INPUT MATERIAL below:
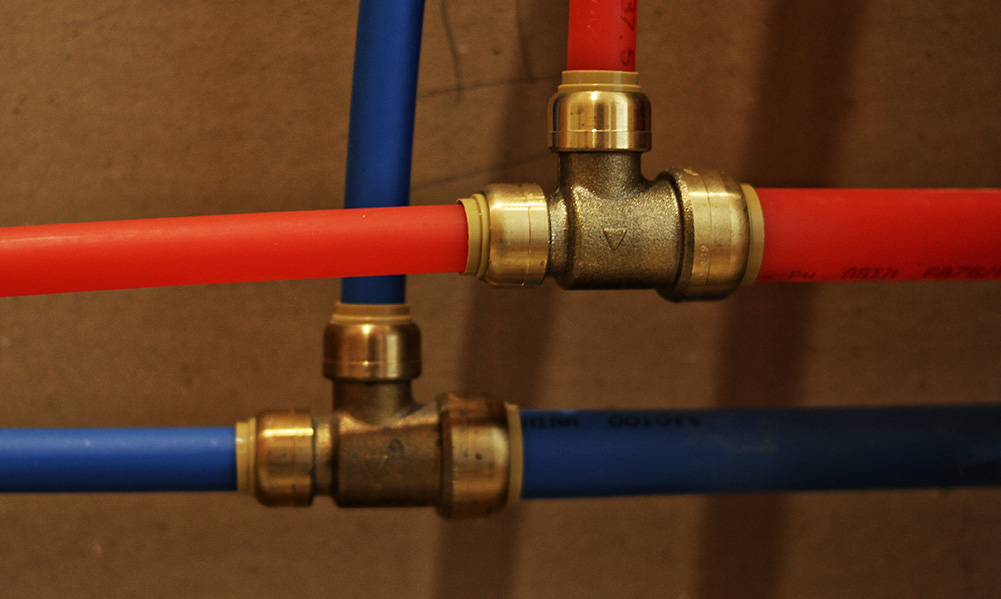 Sharkbite Fittings With Red And Blue Pex Pipe.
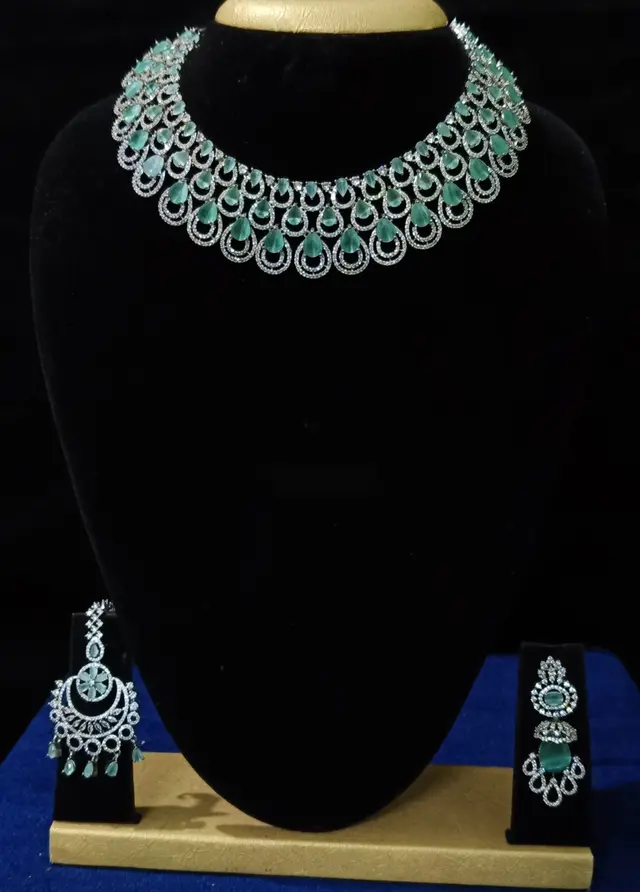 Stone-set bridal choker necklace with matching earrings on a display stand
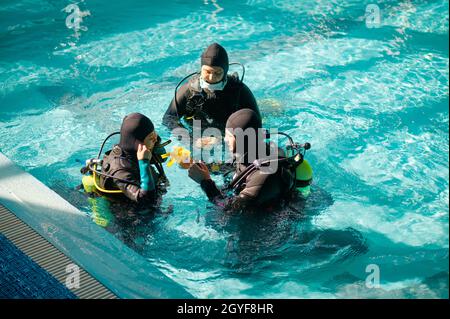 Tauchlehrer und zwei Taucher in den Aqualungs, Tauchkurs in der Tauchschule. Unterwasser-Schwimmen mit Tauchausrüstung, Hallenbad mit Innenbecken Stockfoto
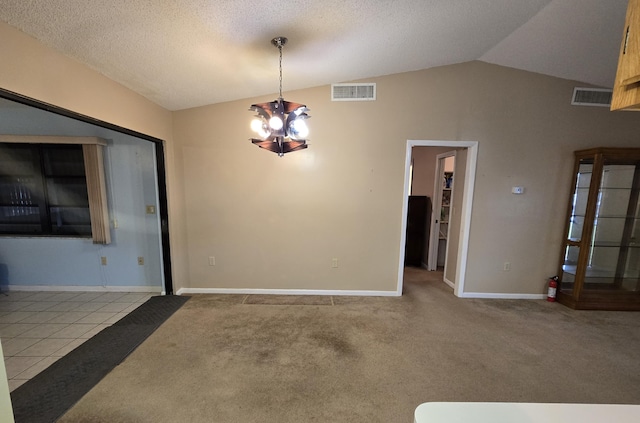 interior space with a textured ceiling, a chandelier, light colored carpet, and lofted ceiling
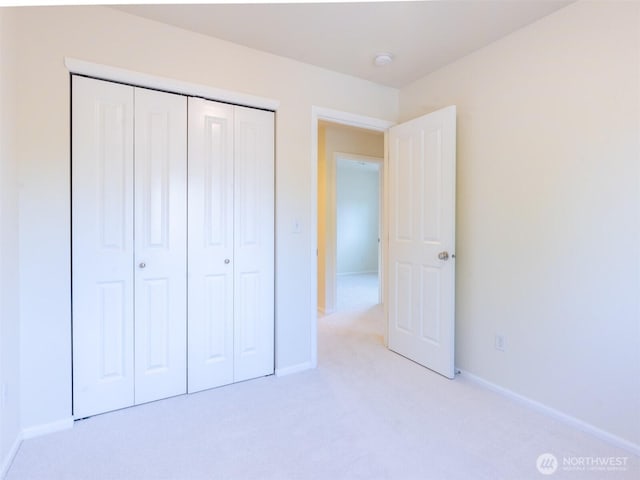 unfurnished bedroom with baseboards, light colored carpet, and a closet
End of INPUT MATERIAL.
**EXERCISE INSTRUCTIONS:**
Would you return all of the entries unchanged while omitting the images?

**RESULT BELOW:**
 Sharkbite Fittings With Red And Blue Pex Pipe.
 Stone-set bridal choker necklace with matching earrings on a display stand
 Tauchlehrer und zwei Taucher in den Aqualungs, Tauchkurs in der Tauchschule. Unterwasser-Schwimmen mit Tauchausrüstung, Hallenbad mit Innenbecken Stockfoto
 interior space with a textured ceiling, a chandelier, light colored carpet, and lofted ceiling
 unfurnished bedroom with baseboards, light colored carpet, and a closet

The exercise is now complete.